I have a large data set, statistic, with statistic.shape = (1E10,) that I want to effectively bin (sum) into an array of zeros, out = np.zeros(1E10). Each entry in statistic has a corresponding index, idx, which tells me in which out bin it belongs. The indices are not unique so I cannot use out += statistic[idx] since this will only count the first time a particular index is encountered. Therefore I'm using np.add.at(out, idx, statistic). My problem is that for very large arrays, np.add.at() returns the wrong answer.
Below is an example script that shows this behaviour.
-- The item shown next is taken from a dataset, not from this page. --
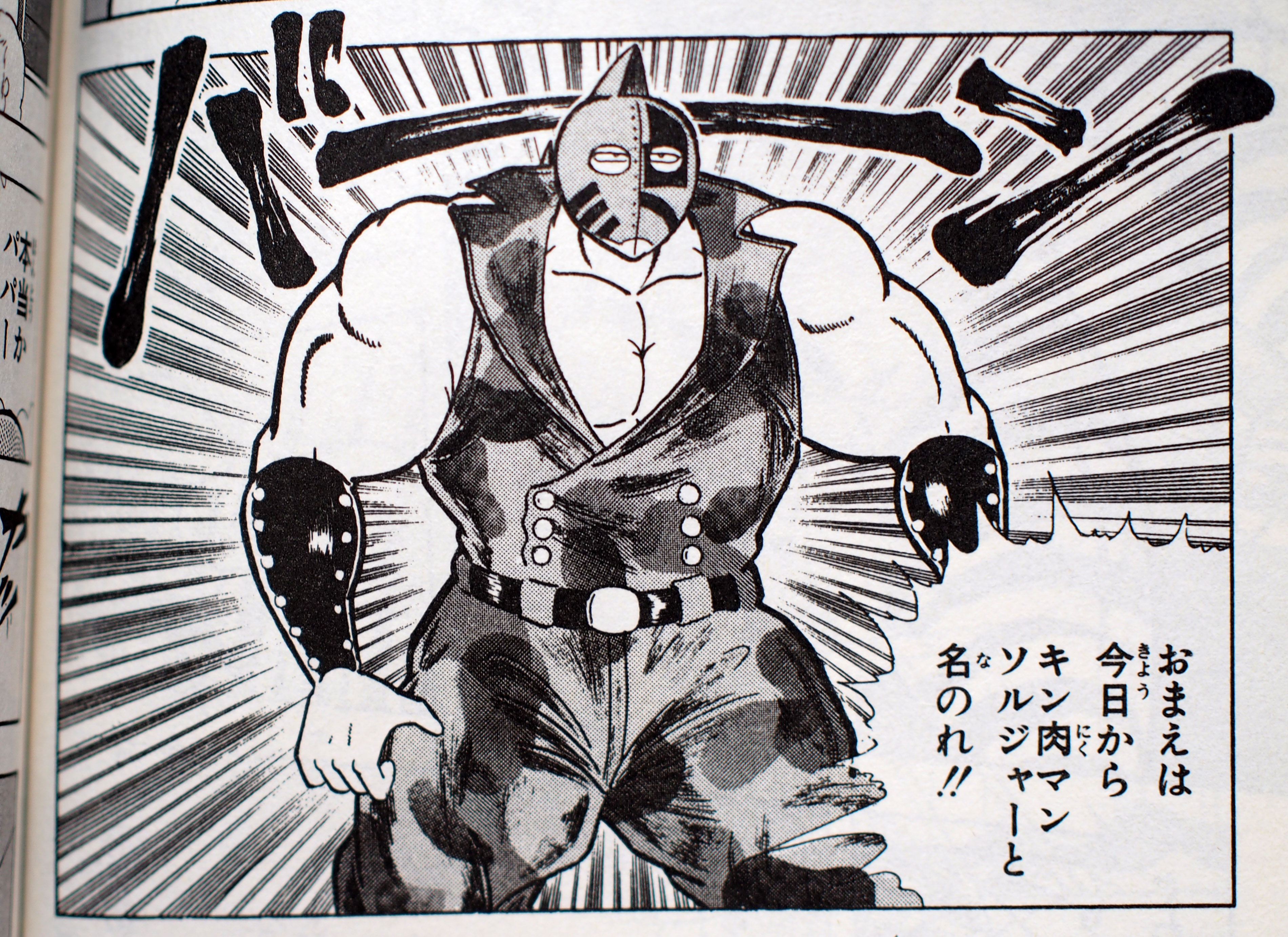 Amazon.co.jp: CCP Muscular Collection NO.16 キン肉マン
The function check_add() should return 1.
import numpy as np
def check_add(N):
N = int(N)
out = np.zeros(N)
np.add.at(out, np.arange(N), np.ones(N))
return np.sum(out)/N
n_arr = [1E3, 1E5, 1E8, 1E10]
for n in n_arr:
print('N = {} (log(N) = {}); output ratio is {}'.format(n, np.log10(n), check_add(n)))
This example returns for me:
N = 1000.0 (log(N) = 3.0); output ratio is 1.0
N = 100000.0 (log(N) = 5.0); output ratio is 1.0
N = 100000000.0 (log(N) = 8.0); output ratio is 1.0
N = 10000000000.0 (log(N) = 10.0); output ratio is 0.1410065408
Can someone explain to me why the function fails for N=1E10?